With the pictures left aside, write out exactly the lines of the listing below from the line with "Thank you for watching applefansmalaysia.blogspot.com." to the line with "Hi there, in", both included, and only those.
———
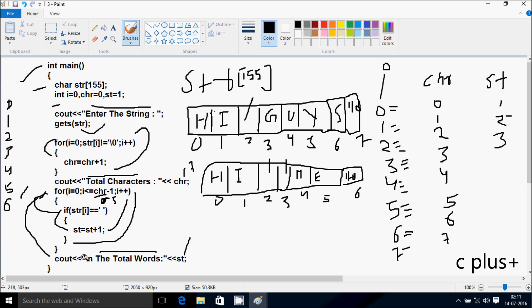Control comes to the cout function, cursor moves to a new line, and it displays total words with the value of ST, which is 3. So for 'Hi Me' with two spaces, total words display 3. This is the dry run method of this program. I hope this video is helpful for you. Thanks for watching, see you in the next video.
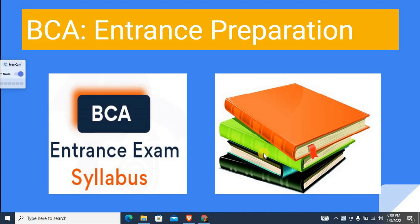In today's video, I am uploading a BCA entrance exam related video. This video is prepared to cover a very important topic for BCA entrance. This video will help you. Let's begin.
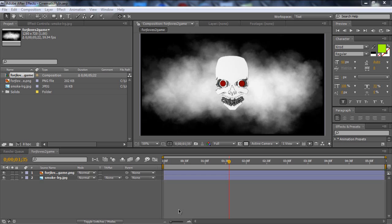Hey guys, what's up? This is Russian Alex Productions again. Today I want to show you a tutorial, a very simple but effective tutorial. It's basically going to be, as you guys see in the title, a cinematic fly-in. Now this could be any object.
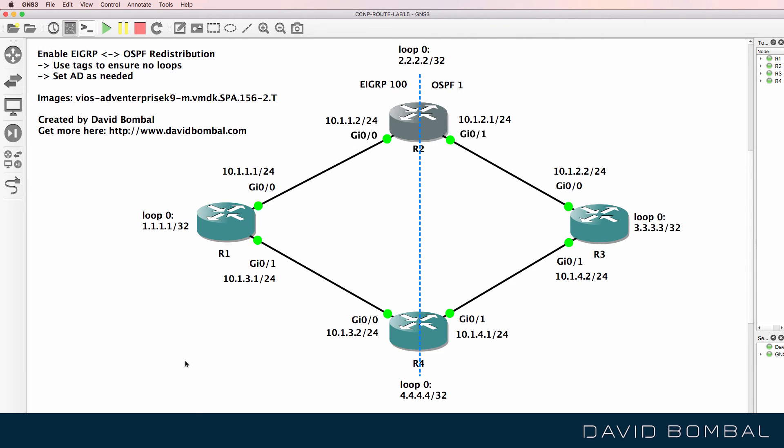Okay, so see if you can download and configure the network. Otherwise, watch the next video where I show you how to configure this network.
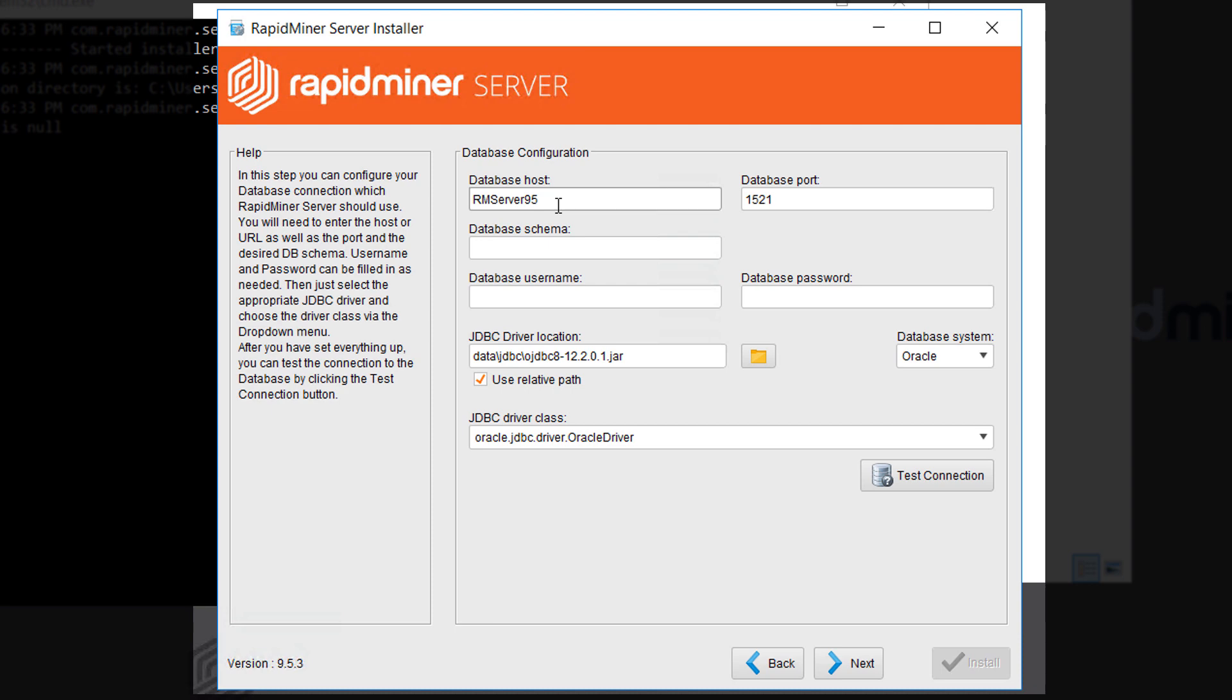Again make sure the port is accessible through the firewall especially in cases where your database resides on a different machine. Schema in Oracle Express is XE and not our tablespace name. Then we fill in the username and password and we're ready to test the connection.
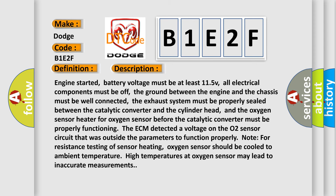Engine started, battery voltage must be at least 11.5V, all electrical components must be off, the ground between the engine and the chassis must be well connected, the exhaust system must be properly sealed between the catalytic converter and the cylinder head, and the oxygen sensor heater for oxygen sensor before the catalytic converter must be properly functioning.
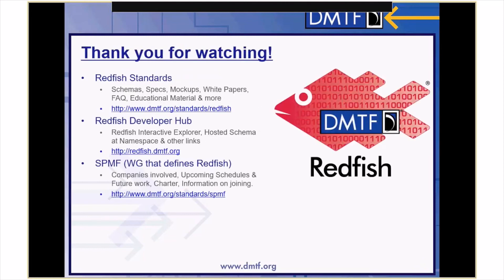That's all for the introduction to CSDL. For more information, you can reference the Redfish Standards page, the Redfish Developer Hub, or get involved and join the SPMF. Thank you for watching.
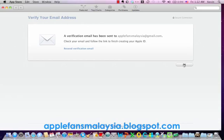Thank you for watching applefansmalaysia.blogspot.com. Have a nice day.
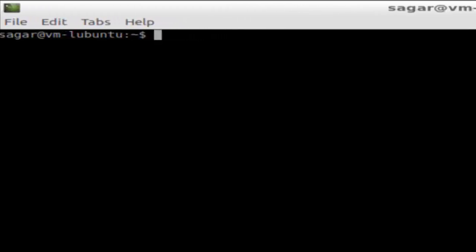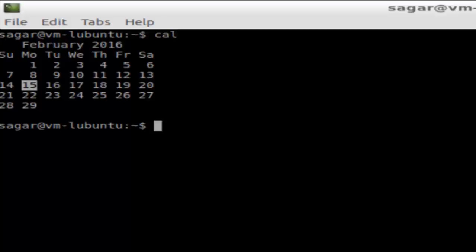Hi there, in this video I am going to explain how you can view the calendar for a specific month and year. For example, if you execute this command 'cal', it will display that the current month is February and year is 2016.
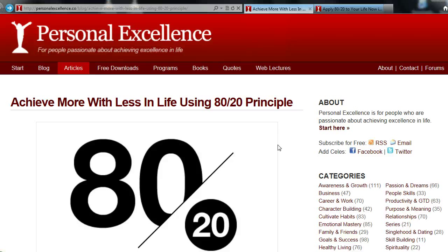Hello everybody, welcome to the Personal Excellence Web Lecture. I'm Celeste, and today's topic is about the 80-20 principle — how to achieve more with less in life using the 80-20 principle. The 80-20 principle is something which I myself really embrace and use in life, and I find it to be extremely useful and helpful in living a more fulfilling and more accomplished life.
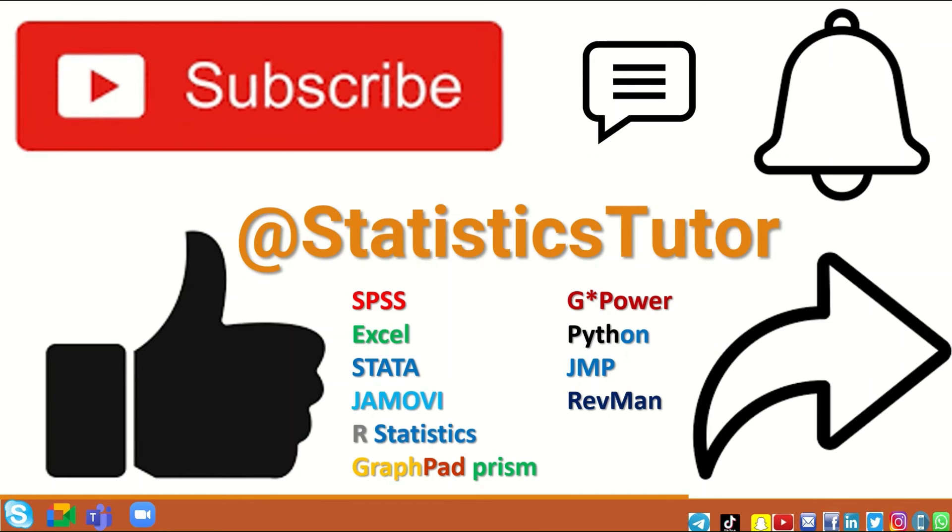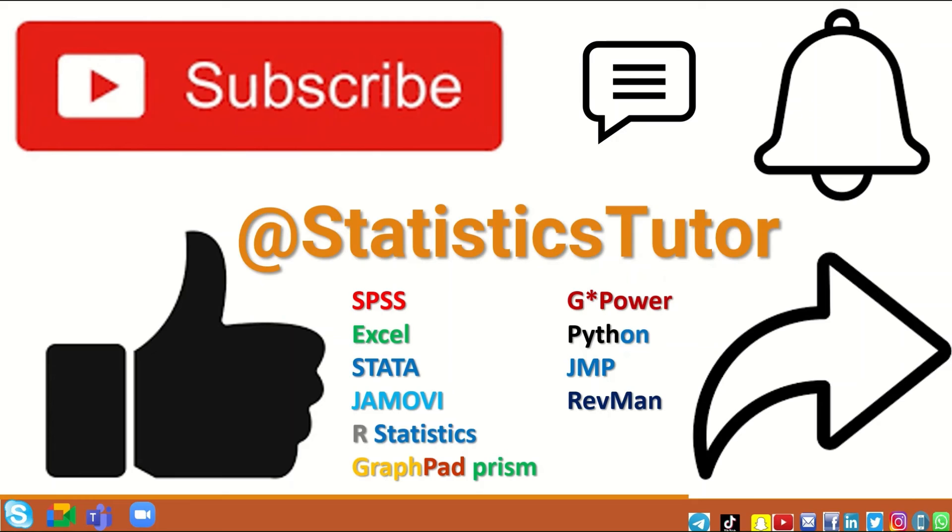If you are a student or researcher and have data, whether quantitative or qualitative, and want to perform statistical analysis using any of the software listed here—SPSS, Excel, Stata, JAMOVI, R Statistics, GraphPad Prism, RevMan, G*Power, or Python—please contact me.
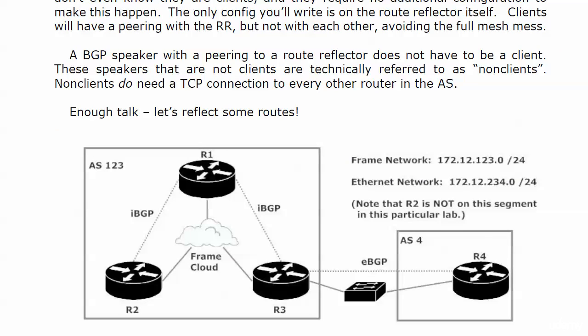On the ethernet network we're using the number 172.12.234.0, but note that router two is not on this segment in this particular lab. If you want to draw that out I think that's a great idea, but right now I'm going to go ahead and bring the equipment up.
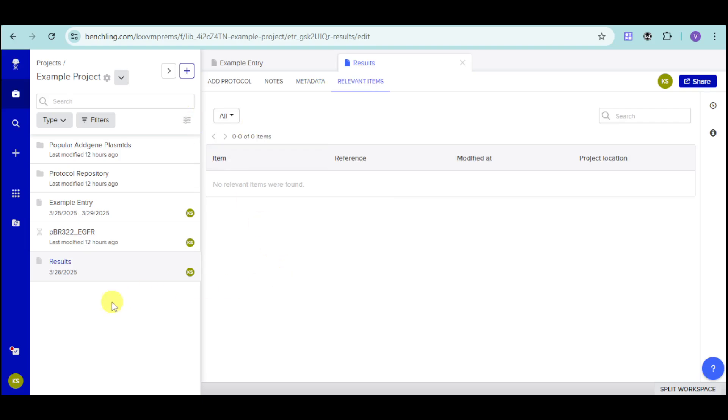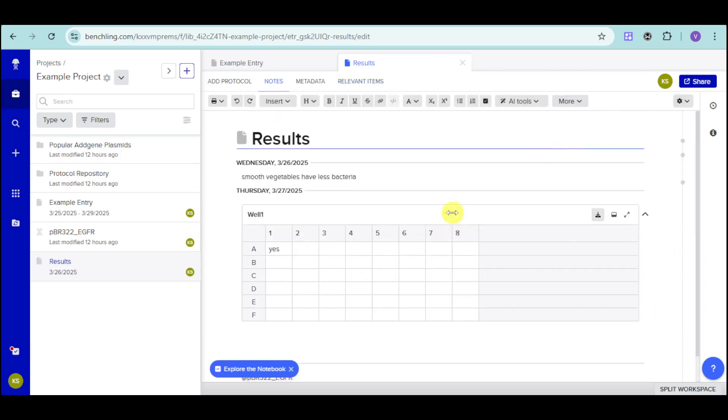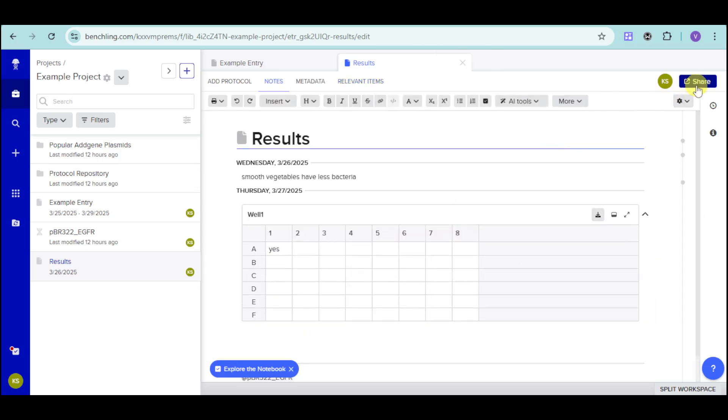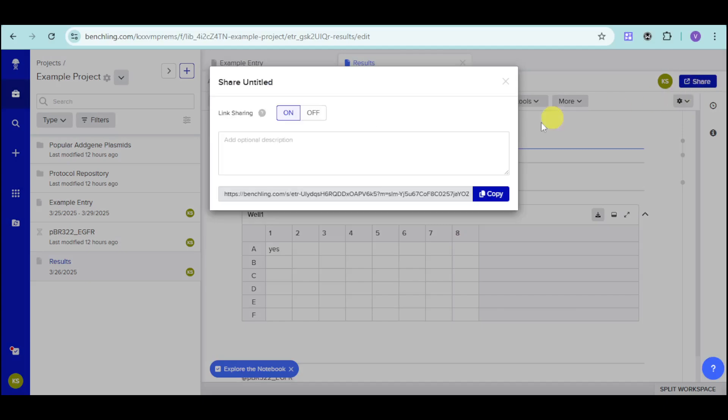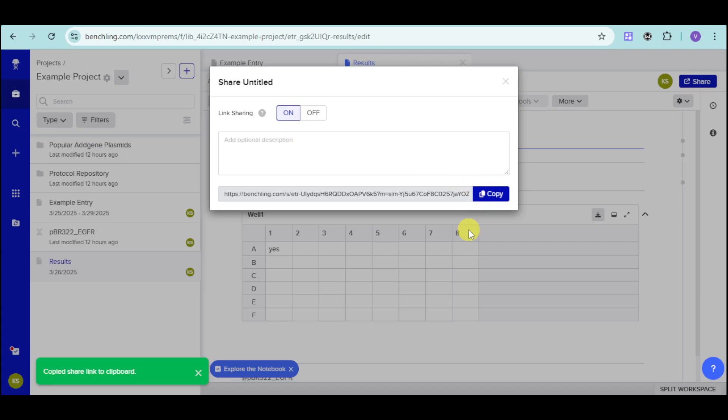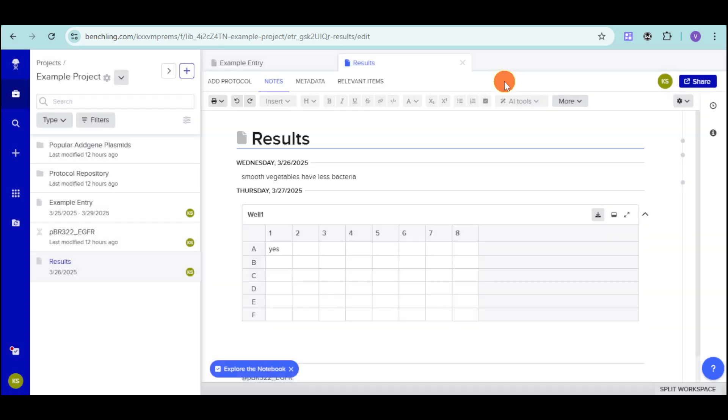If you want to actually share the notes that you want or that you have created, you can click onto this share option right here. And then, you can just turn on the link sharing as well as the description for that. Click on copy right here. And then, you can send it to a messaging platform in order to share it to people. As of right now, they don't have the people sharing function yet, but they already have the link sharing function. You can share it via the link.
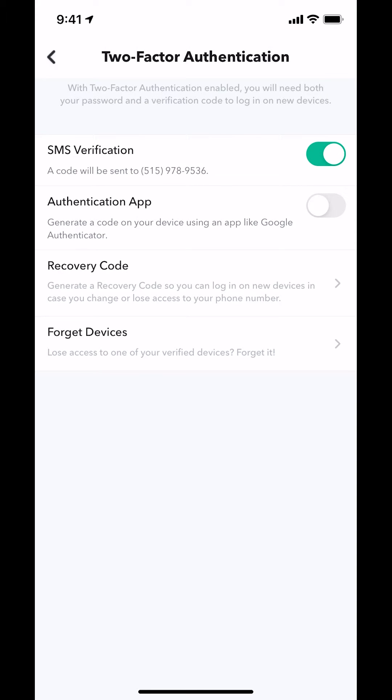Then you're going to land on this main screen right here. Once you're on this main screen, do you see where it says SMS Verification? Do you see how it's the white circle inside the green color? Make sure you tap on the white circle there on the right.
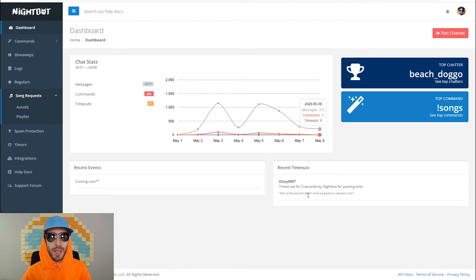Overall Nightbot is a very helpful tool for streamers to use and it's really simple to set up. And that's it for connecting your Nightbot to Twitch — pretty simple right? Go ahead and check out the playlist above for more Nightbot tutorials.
———
Solution to the exercise:
Thank you for watching applefansmalaysia.blogspot.com. Have a nice day.
Hi there, in this video I am going to explain how you can view the calendar for a specific month and year. For example, if you execute this command 'cal', it will display that the current month is February and year is 2016.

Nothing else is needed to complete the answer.